Gross and Neveu studied the quantum theory of the Lagrangian with ##N## fermions ##\psi_a##:

$\mathcal{L}=i\sum_a \bar{\psi}_a\gamma^{\nu}\partial_{\nu}\psi_a +\frac{g_0}{2}\left(\sum_a \bar{\psi}_a\psi_a\right)^{2}.$

The + sign of the 4-fermi term corresponds to the attractive force. They found that quantum effects cause the expectation value of

$$\sigma = - g_0^2 \sum_a \bar{\psi}_a\psi_a$$

to take a nonzero value. Therefore, even in the absence of a mass, the vacuum state breaks the chiral symmetry (that would have taken ##\sigma \rightarrow - \sigma##).

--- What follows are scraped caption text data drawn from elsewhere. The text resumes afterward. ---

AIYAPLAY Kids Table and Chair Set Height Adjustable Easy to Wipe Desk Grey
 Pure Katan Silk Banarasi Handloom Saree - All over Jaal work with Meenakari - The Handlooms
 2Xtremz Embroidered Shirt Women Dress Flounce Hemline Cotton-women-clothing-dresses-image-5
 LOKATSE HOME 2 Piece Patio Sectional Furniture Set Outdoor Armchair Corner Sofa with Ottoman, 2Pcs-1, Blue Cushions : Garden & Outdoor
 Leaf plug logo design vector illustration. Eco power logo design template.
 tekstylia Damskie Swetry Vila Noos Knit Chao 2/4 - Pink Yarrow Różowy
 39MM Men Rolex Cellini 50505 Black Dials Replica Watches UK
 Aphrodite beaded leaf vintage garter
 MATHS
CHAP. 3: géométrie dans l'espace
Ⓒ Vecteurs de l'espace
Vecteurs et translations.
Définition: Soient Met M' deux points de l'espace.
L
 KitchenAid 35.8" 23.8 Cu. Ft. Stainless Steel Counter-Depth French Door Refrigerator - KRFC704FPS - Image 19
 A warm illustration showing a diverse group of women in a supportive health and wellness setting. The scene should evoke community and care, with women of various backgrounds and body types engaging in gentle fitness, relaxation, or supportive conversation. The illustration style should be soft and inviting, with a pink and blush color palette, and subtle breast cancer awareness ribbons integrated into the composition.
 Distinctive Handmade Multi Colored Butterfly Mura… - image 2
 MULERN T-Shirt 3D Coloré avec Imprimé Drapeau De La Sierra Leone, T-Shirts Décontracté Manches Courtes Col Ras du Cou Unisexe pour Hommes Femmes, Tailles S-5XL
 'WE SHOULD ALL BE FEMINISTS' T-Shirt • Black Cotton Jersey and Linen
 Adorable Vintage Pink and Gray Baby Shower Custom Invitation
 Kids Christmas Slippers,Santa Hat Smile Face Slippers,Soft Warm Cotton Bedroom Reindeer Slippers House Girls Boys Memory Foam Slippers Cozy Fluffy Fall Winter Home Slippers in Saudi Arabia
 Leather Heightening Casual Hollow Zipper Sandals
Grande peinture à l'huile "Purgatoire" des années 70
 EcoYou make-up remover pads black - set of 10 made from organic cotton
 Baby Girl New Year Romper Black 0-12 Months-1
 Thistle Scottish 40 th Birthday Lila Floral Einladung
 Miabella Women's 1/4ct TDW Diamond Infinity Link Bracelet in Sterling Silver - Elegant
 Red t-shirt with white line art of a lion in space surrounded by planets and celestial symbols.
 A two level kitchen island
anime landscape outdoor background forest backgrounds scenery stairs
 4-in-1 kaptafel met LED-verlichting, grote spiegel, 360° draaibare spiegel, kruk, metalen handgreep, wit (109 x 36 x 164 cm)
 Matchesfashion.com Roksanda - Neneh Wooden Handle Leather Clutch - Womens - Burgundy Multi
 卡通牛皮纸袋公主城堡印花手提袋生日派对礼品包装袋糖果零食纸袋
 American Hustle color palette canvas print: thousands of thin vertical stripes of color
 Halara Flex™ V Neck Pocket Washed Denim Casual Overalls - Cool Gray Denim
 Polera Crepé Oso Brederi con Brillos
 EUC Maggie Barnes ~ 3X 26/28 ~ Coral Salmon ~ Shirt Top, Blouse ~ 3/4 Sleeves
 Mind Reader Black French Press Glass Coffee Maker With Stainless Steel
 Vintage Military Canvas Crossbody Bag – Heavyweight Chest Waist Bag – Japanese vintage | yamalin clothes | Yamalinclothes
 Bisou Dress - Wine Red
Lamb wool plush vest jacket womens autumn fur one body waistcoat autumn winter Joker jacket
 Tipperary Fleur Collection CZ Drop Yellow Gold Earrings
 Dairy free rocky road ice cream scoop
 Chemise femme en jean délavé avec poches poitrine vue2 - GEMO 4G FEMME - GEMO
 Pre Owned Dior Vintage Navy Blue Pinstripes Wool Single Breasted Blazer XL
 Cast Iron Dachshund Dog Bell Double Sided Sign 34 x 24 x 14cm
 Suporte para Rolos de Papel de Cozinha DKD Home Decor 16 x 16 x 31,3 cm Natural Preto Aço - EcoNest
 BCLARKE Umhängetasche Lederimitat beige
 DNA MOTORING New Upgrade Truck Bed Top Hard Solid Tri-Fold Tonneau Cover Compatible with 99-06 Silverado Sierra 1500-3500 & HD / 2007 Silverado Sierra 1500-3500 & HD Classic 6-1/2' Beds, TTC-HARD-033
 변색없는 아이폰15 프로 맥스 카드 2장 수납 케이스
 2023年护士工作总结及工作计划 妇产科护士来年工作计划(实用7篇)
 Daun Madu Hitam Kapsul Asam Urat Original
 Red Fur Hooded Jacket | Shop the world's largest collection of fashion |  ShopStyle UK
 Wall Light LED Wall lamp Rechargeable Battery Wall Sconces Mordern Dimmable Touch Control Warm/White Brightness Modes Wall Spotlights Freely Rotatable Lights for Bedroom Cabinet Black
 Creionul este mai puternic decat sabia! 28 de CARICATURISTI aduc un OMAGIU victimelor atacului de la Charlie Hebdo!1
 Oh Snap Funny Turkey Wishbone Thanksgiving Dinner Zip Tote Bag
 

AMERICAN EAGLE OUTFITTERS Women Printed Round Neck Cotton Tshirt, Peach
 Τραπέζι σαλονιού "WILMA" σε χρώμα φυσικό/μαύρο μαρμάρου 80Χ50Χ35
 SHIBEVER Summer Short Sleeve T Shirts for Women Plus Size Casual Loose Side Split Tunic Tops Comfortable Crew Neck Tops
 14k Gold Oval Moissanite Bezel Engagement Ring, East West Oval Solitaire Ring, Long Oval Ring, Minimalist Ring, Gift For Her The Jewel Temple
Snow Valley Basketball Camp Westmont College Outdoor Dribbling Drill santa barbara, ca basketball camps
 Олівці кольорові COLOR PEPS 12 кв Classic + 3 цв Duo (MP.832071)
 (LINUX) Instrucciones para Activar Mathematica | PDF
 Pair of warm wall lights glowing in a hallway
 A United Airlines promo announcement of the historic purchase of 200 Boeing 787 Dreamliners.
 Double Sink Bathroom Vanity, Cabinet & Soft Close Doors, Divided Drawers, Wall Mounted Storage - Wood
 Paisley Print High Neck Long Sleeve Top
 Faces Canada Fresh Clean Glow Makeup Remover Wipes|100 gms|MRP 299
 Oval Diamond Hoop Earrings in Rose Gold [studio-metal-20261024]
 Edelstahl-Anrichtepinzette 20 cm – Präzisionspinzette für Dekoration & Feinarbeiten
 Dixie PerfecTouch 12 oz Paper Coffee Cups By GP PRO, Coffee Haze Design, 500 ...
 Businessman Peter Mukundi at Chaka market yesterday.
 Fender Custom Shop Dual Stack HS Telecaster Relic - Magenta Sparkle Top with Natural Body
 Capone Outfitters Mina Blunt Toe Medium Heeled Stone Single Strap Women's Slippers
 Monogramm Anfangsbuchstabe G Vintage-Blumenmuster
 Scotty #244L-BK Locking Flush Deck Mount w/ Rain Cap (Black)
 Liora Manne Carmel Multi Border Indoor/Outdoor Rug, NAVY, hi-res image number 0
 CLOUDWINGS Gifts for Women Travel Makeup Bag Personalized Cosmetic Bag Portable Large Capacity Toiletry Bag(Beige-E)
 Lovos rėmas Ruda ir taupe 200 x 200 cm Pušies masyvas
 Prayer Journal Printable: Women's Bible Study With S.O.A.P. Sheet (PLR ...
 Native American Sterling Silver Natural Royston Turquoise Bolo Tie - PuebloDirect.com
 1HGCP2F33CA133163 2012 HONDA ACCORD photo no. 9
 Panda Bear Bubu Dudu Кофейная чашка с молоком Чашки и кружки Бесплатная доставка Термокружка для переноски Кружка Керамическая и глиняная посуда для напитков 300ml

The Gross-Neveu model is interesting because it is considered a toy model of how chiral symmetry that acts on the quarks in QCD is broken by the strong interactions in the QCD vacuum.

there is a reason why he chose the scalar field for example.It is in this way the higgs acquire a vacuum expectation value.Anyway if you want to give masses to fermions,you can generate masses via their coupling to a scalar field(higgs field so far).The coupling is the yukawa coupling between fermions and this higgs field.The coupling strength however is free parameter and determined by measured fermion mass.